Exercise: Print nothing except the lines of the listing below from the line with "- Co-médication * avec aspirine, clopidogrel" to the line with "A method for", each exactly as written, both ends included.

Dataset extract:
───
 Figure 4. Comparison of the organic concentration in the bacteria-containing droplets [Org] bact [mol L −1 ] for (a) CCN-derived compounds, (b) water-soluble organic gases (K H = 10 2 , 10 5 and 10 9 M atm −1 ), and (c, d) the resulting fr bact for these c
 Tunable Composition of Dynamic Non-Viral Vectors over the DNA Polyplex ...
───
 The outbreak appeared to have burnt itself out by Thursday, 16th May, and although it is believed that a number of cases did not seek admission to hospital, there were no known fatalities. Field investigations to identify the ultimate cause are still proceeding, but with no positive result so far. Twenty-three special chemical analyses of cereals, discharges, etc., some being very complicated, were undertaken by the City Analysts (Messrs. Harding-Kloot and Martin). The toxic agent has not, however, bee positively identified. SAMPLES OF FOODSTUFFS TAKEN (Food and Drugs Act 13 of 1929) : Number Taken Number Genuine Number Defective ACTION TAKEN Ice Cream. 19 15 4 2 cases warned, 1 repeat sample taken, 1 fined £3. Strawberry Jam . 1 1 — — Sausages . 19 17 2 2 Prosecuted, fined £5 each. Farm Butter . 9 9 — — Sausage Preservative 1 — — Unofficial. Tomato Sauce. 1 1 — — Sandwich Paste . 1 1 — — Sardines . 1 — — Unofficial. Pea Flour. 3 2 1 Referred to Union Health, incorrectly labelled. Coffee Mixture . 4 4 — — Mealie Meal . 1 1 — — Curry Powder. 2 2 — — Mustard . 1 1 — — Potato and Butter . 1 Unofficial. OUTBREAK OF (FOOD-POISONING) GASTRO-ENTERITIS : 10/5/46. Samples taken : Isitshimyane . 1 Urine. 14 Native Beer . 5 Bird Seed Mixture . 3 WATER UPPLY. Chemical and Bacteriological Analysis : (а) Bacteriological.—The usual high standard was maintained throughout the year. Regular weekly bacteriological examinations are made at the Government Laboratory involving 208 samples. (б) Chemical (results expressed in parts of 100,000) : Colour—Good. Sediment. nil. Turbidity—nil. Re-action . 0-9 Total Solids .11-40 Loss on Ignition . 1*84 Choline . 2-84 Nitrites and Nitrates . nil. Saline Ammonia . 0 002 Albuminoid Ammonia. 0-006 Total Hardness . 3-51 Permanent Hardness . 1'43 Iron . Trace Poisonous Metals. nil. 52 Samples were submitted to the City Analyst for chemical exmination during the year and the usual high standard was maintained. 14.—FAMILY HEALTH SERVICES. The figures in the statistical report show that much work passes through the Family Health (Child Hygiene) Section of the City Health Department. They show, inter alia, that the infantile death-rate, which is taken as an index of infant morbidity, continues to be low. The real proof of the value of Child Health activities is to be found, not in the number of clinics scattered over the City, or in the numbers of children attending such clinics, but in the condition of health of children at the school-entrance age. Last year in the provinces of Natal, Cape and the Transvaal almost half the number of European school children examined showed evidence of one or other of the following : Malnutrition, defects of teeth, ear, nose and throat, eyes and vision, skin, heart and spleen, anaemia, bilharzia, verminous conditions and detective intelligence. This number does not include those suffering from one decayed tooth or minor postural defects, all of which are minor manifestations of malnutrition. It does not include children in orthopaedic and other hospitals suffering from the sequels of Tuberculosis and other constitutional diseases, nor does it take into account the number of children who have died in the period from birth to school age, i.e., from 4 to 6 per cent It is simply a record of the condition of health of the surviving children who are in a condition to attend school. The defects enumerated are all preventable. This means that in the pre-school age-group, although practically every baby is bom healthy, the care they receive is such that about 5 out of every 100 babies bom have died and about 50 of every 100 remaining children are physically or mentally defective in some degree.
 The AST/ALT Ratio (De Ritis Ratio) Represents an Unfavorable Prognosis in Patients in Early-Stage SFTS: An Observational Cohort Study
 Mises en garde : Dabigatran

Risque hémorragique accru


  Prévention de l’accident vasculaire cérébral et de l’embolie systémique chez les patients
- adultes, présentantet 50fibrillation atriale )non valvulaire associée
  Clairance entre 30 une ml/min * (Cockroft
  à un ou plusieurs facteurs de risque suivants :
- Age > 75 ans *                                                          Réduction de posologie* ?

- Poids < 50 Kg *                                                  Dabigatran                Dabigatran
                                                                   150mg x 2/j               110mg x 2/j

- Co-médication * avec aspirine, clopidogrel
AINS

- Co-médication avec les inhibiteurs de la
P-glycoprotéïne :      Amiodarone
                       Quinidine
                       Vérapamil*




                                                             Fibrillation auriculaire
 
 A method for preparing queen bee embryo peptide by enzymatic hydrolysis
───
Result of this task:
- Co-médication * avec aspirine, clopidogrel
AINS

- Co-médication avec les inhibiteurs de la
P-glycoprotéïne :      Amiodarone
                       Quinidine
                       Vérapamil*




                                                             Fibrillation auriculaire
 
 A method for preparing queen bee embryo peptide by enzymatic hydrolysis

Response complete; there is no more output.